Das Internet ist kein rechtsfreier Raum. Menschen wie Sie machen es zu einem. Durch eine Stopp-Seite verschwindet kein einziges Angebot aus dem Internet, durch eine Stopp-Seite wird keine einzige Straftat verfolgt, durch eine Stopp-Seite wird kein einziger Missbrauch an einem Kind verhindert. Aber wir müssen uns das in Deutschland dann wenigstens nicht mehr anschauen, das genügt ihnen. Ich habe von ihnen in den letzten 4 Jahren sehr wenig zum Thema internationale Zusammenarbeit im Bereich Kinderpornographie gelesen (genauer gesagt, habe ich gar nichts gelesen), wenn man sich anschaut, wie gern (bzw. wie wenig) die Bundesregierung UN-Konventionen und fakultative Zusatzprotokolle unterzeichnet, in denen es um den Schutz von Kindern geht, wundert mich das allerdings auch nicht. Selbst die von Ihrer Kollegin Krogmann diffamierten Kasachen sind schneller.

Jetzt also Killerspiele.

Durch den Einfluß von Alkohol im Strassenverkehr sind in den letzten 10 Jahren in Deutschland annähernd 10’000 Menschen getötet worden, 1/3 aller Straftaten wird unter Alkoholeinfluß begangen. Ich denke der Nachweis, dass sich Alkohol negativ auf das Verhalten von Erwachsenen auswirkt, ist erbracht. Wann darf ich mit einem entsprechenden Gesetzesentwurf rechnen?

Zum Schluß ein Zitat aus der gestrigen Bundestagssitzung:

Das einzig Gute, was man über Ihr Gesetz sagen kann, ist, dass es offensichtlich gut gemeint sein könnte;

Max Stadler, FDP

Parteienverdrossenheit?

Prof. Dr. Niedermayer von der FU Berlin gibt jedes Jahr eine Dokumentation über die Parteimitglieder in Deutschland heraus, die durchaus lesens- und anschauenswert ist.

2007 waren 2,01% der beitrittsberechtigten Bevölkerung Parteimitglieder, das ist verglichen mit den 3,32% im Jahr 1991 ein Rückgang um über 1/3. Im Vergleich zum Jahr 1980 hat sich der Anteil der Parteimitglieder halbiert.

Das lässt sich mit einem Blick in die Altersstruktur der beiden grossen Parteien recht gut erklären. Ohne jetzt völlig pietätlos wirken zu wollen, sterben CDU und SPD die Mitglieder weg, während von unten nichts nachrückt.

1990 lag der Anteil der Generation 60+ bei den Volksparteien noch unter 30% (CDU: 29,2%, SPD: 24,6%), im Jahr 2007 lag er nahe bei 50% (CDU: 48,0%, SPD: 46,7%).

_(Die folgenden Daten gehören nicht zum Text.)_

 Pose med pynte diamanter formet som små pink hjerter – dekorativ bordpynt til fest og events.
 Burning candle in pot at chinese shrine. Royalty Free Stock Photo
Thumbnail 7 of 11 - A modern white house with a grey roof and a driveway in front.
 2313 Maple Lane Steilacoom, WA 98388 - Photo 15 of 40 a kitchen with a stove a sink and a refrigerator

Der Anteil der U30-Generation ist im gleichen Zeitraum von ohnehin niedrigen Werten (CDU: 6,6%, SPD: 10,2%) nochmals abgesunken (CDU: 5,1%, SPD: 5,8%). Im Vergleich zu den 70er-Jahren hat sich der Anteil der U30-Mitglieder bei der CDU halbiert und ist bei der SPD gar auf 1/4 gefallen. Die sind vermutlich alle in der Partei geblieben und erhöhen jetzt so langsam den Ü60-Anteil. Der Anstieg in der SPD seit dem Jahr 2000 (von 4,4% auf 5,8%) ist vermutlich nicht einer vermehrten Attraktivität der SPD für junge Menschen zu verdanken sondern der allgemein sinkenden Anzahl an Parteimitgliedern (seit dem Jahr 2000 haben im Saldo annähernd 200’000 Menschen der SPD den Rücken gekehrt).

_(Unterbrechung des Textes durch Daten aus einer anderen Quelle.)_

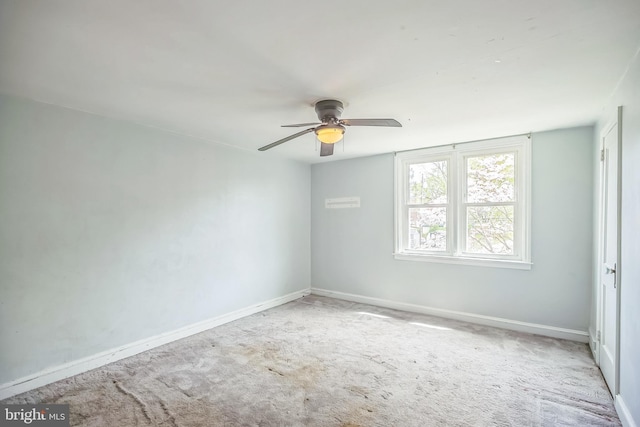 unfurnished room with baseboards, a ceiling fan, and carpet flooring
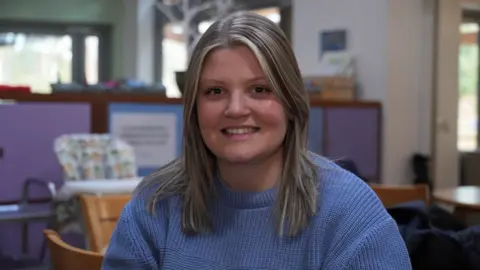 John Fairhall/BBC Hannah Taylor, is a woman who is sitting in an EACH hospice. She is looking at the camera and is smiling. She has blonde hair and is wearing a light blue jumper.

Einzig die beiden kleinen Parteien FDP und Grüne erfreuen sich eines Anteils der U30-Generation, der im zweistelligen Bereich liegt (FDP: 10,7%, Grüne: 13,3%).

Das ist vermutlich ein selbstverstärkender Effekt. Ortsvereine, in denen hauptsächlich alte Menschen (mit 40 Jahren Parteizugehörigkeit) sitzen, die das Sagen und mit der Lebenswirklichkeit von jungen Menschen oft nur wenig gemein haben, wirken vermutlich nicht sehr anziehend. Wenn dann noch bei der SPD dazukommt, dass sich die Parteispitze in den Zielen immer weiter von der Basis entfernt und man bei der CDU nur durch jahrelange Kärrnerarbeit in Orts-, Kreis-, Bezirks- und Landesverbänden nach oben kommt, braucht man vermutlich eine ganze Menge mehr Durchhaltevermögen, als es der jetzigen jungen Generation zu Eigen ist.

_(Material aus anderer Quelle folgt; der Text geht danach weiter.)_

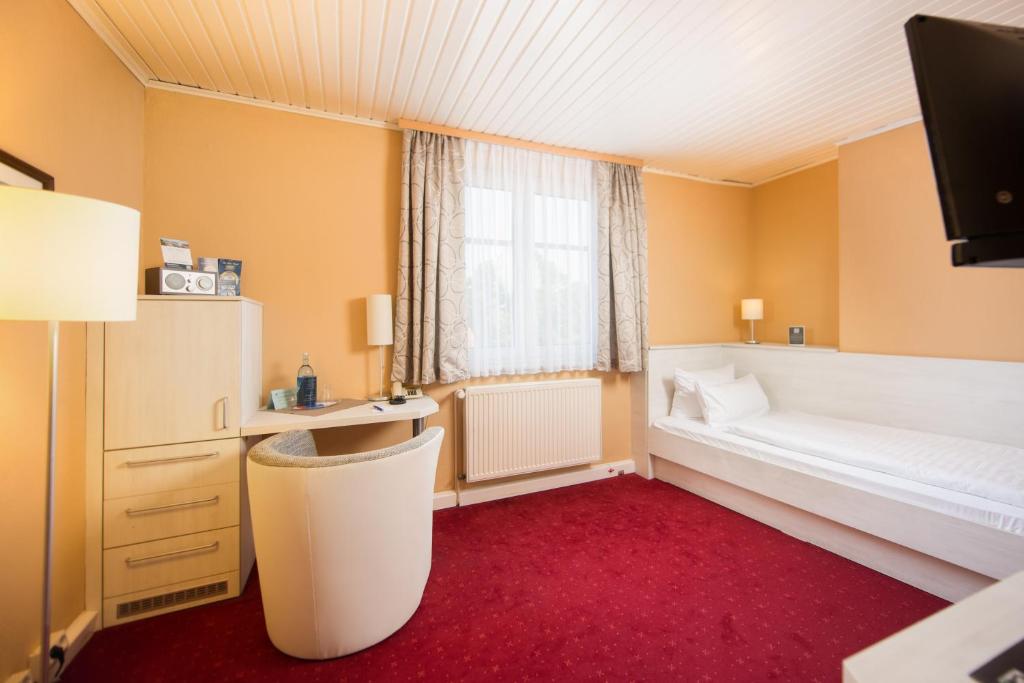 Postel nebo postele na pokoji v ubytování Hotel Am Alten Strom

Vermutlich gibt es auch aktive Ortsverbände, die jungen Mitgliedern eine Chance zur Mitarbeit geben, die erkannt haben, dass das Schmoren im eigenen Saft zu nichts führt, aber ob das für den Grossteil gilt?

Und zum Abschluß noch eine persönliche Bemerkung:

Liebe CDU- und SPD-Führungsgremien,

es ist schön, wenn Ihr Euch jetzt der Dinge annehmt, die für jüngere Zielgruppen relevant sind (Paintball, „Killer“-Spiele, Internet). Ihr solltet nur noch ein wenig daran arbeiten, wie Eure Entscheidungen diesbezüglich ausfallen.

unwählbar

ja, ich weiß dass nur knapp 30% aller Wähler am 30. September unter 40 Jahre alt sind und ja, ich weiß auch, dass diese Bevölkerungsgruppe nur unterdurchschnittlich ihr Wahlrecht wahrnimmt.

Dass die CDU durch solche Aussagen

In jedem Fall sollte aber meines Erachtens in der Debatte, welche Maßnahmen zur Gewaltprävention ergriffen werden, die von den Bundesministern von der Leyen und Schäuble vorgeschlagene Sperrung von kinderpornographischen Seiten im Internet mit Blick auf Killerspiele neu diskutiert werden.

Thomas Strobl, CDU, MdB

vermutlich auch noch die letzten der U40-Generation verliert, wird ihr deshalb vermutlich egal sein.

Mir aber nicht. Eine Partei, die mir vorschreiben möchte, was ich in meiner Freizeit mache (ohne dabei andere auch nur im geringsten zu beeinträchtigen), ist für mich unwählbar.

Ich darf mich jeden Tag mit Alkohol zuschütten, ich darf Britt, Oliver Geissen und andere Trash-Talk-Sendungen in den privaten schauen, Ultimate Fighting Kämpfe, in denen sich echte Männer in echte Bewusstlosigkeit prügeln, finden in Deutschland statt, aber einen ego-shooter auf dem Computer zu spielen, muss verboten werden.